I have a solver that solves normal symmetric TSP problems. The solution means the shortest path via all the nodes with no restriction on which nodes are the first and the last ones in the path.
Is there a way to transform the problem so that a specific node can be ensured as the start node, and another node as the end node?
One way would be to add an I - a very large distance - to all distances between these start/end nodes and all the others (adding I twice to the distance between start and end node), so the solver is tempted to visit them only once (thus making them as the start and the end of the path).
Are there any big disadvantages of this approach, or is there a better way to do this?

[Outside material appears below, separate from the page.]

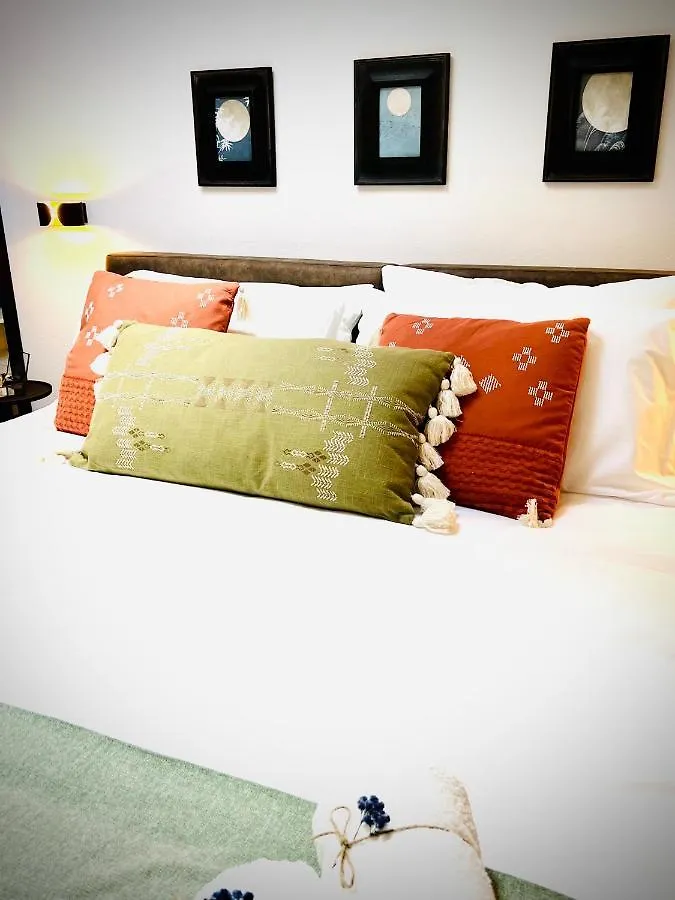 Lucentum Bed and Breakfast Prato  0*, Prato (Prato)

You can add a dummy node, which connects to start and end node with edges with weight 0. Since the TSP must contain the dummy node, the final result must contain the sequence start - dummy node - end (there is no other way to reach the dummy node). Therefore, you can get the shortest Hamilton path with specified start and end node. This solution should work even if the edges in the graph are negative.

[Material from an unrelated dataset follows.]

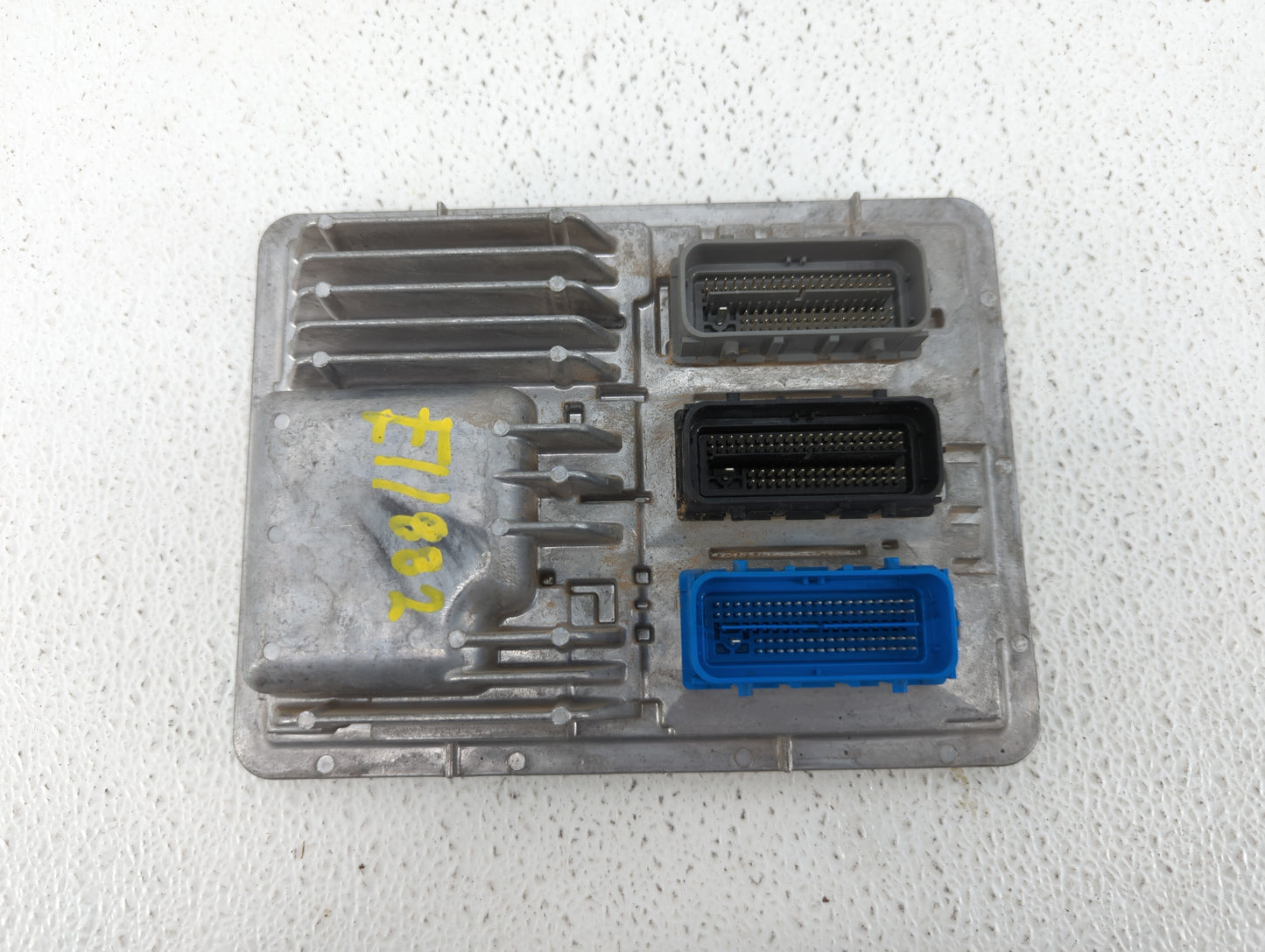 2017-2019 Chevrolet Cruze PCM Engine Control Computer ECU ECM PCU OEM P/N:12677677 Fits Fits 2017 2018 2019 2020 2021 2022 O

Below is a visualization of the "dummy node" concept. On the left is a normal TSP with the same start and end node, A, and the optimal solution [A, B, E, D, C, A]. On the right is the same TSP but where the start node is A and the end node is E. Its optimal solution [A, B, C, D, E] clearly has nothing to do with the one in the normal case. The way we can find that solution is by "hacking" the distance matrix of the TSP graph. At the bottom of the distance matrix the dummy node is inserted and its distances to node A and E are set to 0 and its distances to all other nodes are set to inf. When the solver then tries to search through the distance matrix to find the optimal sequence of nodes A, DUMMY, E will stay together, e.g. [A, B, C, D, E, DUMMY, A] and this can then be cleaned up to give [A, B, C, D, E].
PS. note that this type of hack can have a severe impact on an exact solver's performance. Exact TSP solvers are set up with various geometric heuristics and putting in zero and inf distances clearly messes with that. I e.g. tried this for Concorde and it was not very happy about it and needed much more time to find optimal solutions sometimes. Didn't find any documentation for it to deal with this specific case but maybe there are exact solvers that are specifically optimized for it. If you use a non-exact method instead (e.g. simulated annealing) this is not an issue.